The fact that Lal Masjid cleric Maulana Abdul Aziz, who was involved in the Lal Masjid riots in the country under the Musharraf regime, dodged the Islamabad Captial Territory (ICT) Administration and was able to deliver a sermon at Lal Masjid is alarming, to say the least. This is not the first attempt made by the cleric to go against the writ of the state. He tried to regain the post of khateeb of the mosque in Nov 2018 as well. His several attempts to get hold of a microphone in Lal Masjid was foiled by the government in 2017 as well. He also stirred another controversy in 2014 after he openly extended support to the perpetrators of the Army Public School attack in Peshawar by calling it a reactionary move by the terrorists.

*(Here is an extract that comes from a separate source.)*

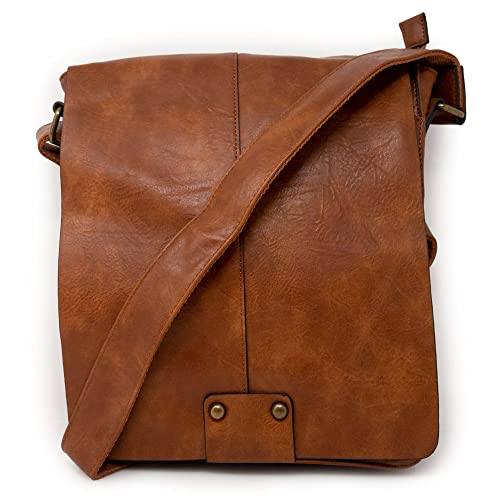 Emila Borsa color cuoio tracolla uomo ecopelle grande messenger da...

The situation which has developed post the recent Pak- India tensions within the country is that the government is showing great willingness to cleanse the land of radical voices which promote hate speech and prompt people for indulging in violence. This commitment has been reinforced by Pakistan’s participation in the dialogue to end the war in Afghanistan. Pakistan has facilitated the talks between the United States of America (USA) and the Taliban in Qatar to ensure a diplomatic end to the war. This along with the mounting pressure by the Financial Action Task Force (FATF) leaves no space for the Pakistani government to show any leniency towards elements within the state which now promote a narrative which has been labeled as anti-Pakistan by Prime Minister Imran Khan.

Under the current circumstances, there is no space in the society for individuals who challenge the writ of the state and promote violence. Maulana Abdul Aziz went so far in his sermon to state that the state institutions, particularly the judiciary were corrupt. He also termed democracy un-Islamic and claimed that he is ready to challenge any cleric who claims otherwise. He also criticised the politics of several mainstream politicians claiming that they have no credibility. Knowing Maulana’s history, he cannot be allowed to become a potent political actor in the country once again. For this, the government not only needs to strengthen its security network but also work towards a stringent implementation of the National Action Plan (NAP), which cannot happen without the cooperation of the opposition. Both the government and the opposition need to realise how cooperative efforts will help improve the overall security situation.